Member Since: 17 Nov 2014
Location: south
Posts: 3127

United Kingdom 2008 Defender 90 Puma 2.4 CSW Bonatti Grey
So, the verdict....

I fitted a genuine Ford chain cover, and another seal tonight, everything fits perfectly,
And more importantly no oil leaks!

I also warned the people selling these covers as O.E.M parts to be careful, as they are not that great at doing a critical job, such as positioning the front crank seal.
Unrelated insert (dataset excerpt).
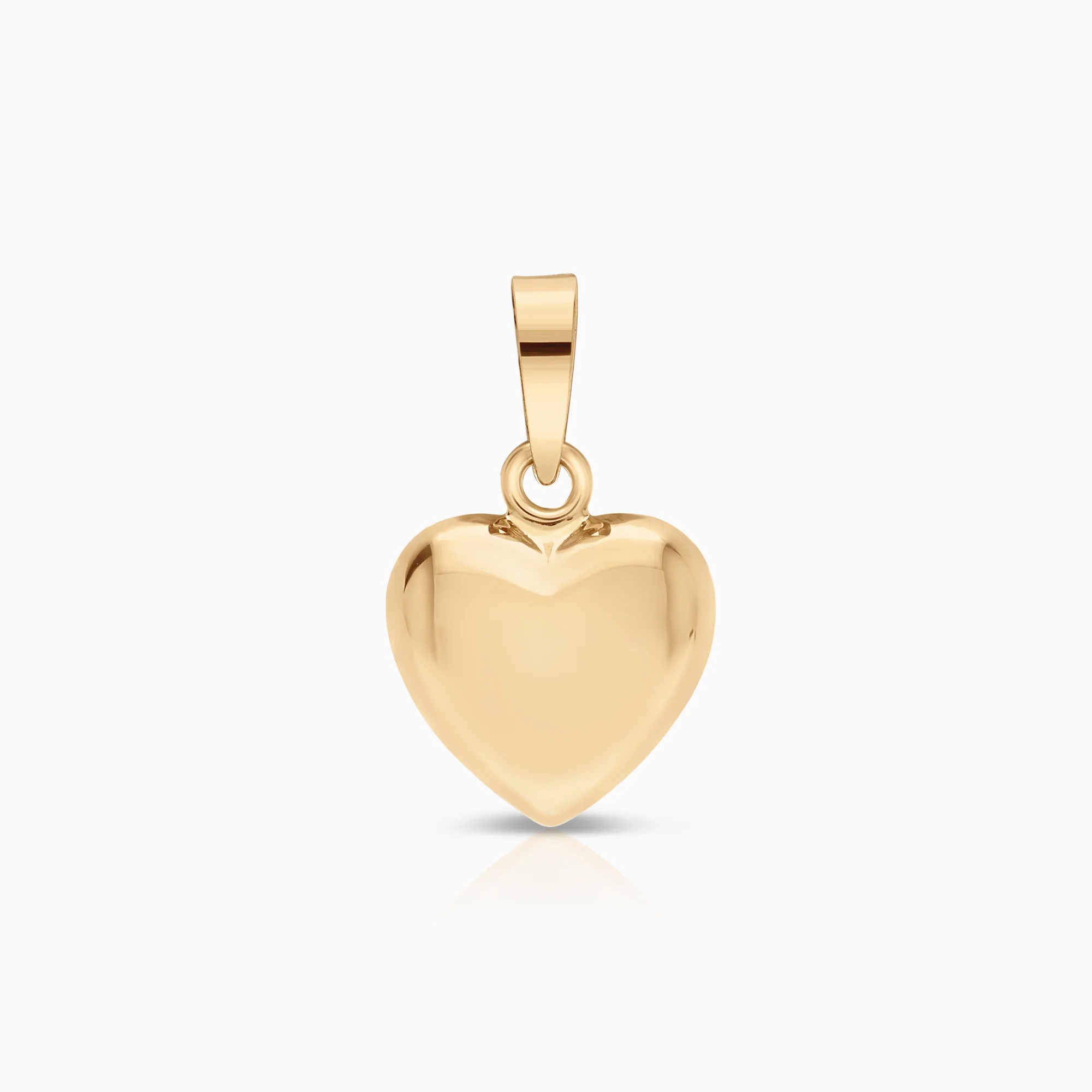 Heart pendant 0.89g 18K gold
All topped up with Coolant again, and time for a road test.
I’m pleased to say after a 30 mile trip, it used no water, temp on the ultra gauge flucuated between 82-93,
Which is just as before.

So whatever I did done the job!

Frustratingly, I couldn’t find anything wrong with any of it??
I had 2 more mechanic friends look at the head gasket, like myself, neither could see any fault with it?

So, i replaced the water pump, which was in GWO, and thermostat, again tested with no issues, tested the egr cooler, had the head tested/skimmed, flushed the whole cooling system through, new cam chain kit, timing chain cover, various gaskets, and oil seals
I couldn’t do much else?

All in all a mystery, but all working lovely again Thumbs Up 80" 80" 86" 88" 90"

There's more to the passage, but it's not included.